Siede Reinhold, Büchler Ralph
Hessisches Dienstleistungszentrum für Landwirtschaft, Gartenbau und Naturschutz, Bieneninstitut Kirchhain.
Berl Munch Tierarztl Wochenschr. 2004 Jan-Feb;117(1-2):12-5.
We gathered dead bees of 56 Hessian bee colonies following a sudden collapse during winter 2002/03. Viral RNA was purified from ten dead bees per sample. Kashmir bee virus (KBV) was detected by use of a RT-PCR protocol. 13 samples were positive for KBV. The PCR amplicon was sequenced. A BLAST GenBank search clearly identified the Hessian amplicon as a KBV fragment. Similarities of more than 85% were found. Phylogenetic analysis revealed a close genetic relationship of the Hessian isolate to an isolate from New Zealand. The Northamerican, the Russian and Australian notations listed in GenBank did not cluster round with the Hessian isolate. This is the first documented detection of KBV in Middle Europe.

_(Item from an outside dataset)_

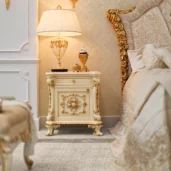 Nightstand, hand-carved in baroque style with gold details, beside the collection's bed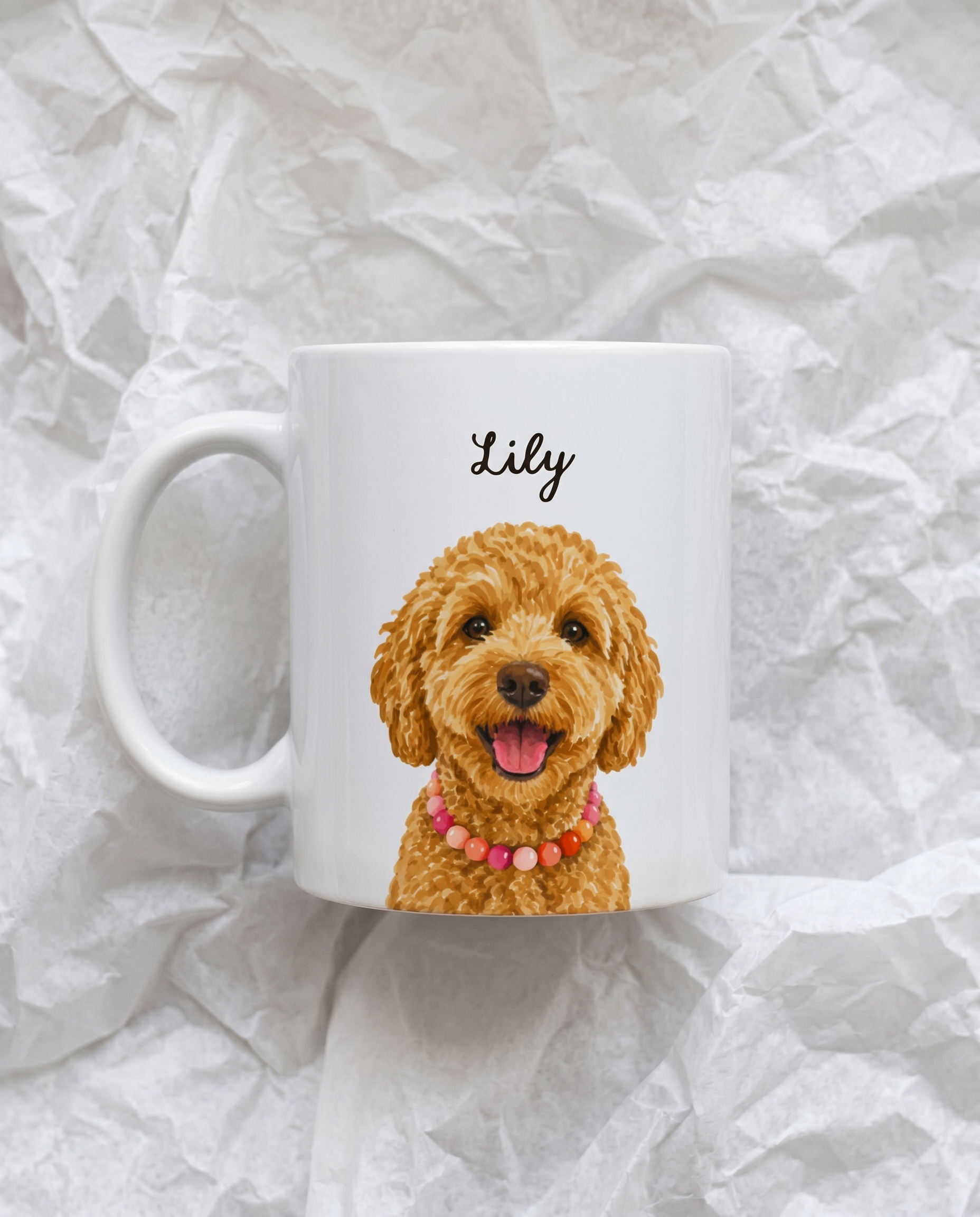 A white ceramic mug featuring a printed illustration of a smiling golden doodle dog wearing a pink beaded collar, with the name 'Lily' written above in black script. The mug is photographed on crumpled white paper.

我们收集了2002/03年冬季突然崩溃的56个黑森蜂群的死蜂。从每个样本的10只死蜂中纯化病毒RNA。使用逆转录聚合酶链反应(RT-PCR)方案检测克什米尔蜜蜂病毒(KBV)。13个样本的KBV呈阳性。对PCR扩增子进行测序。通过GenBank数据库搜索明确鉴定出黑森扩增子为KBV片段。发现相似度超过85%。系统发育分析表明,黑森分离株与来自新西兰的分离株有密切的遗传关系。GenBank中列出的北美、俄罗斯和澳大利亚的毒株没有与黑森分离株聚类。这是在中欧首次有记录检测到KBV。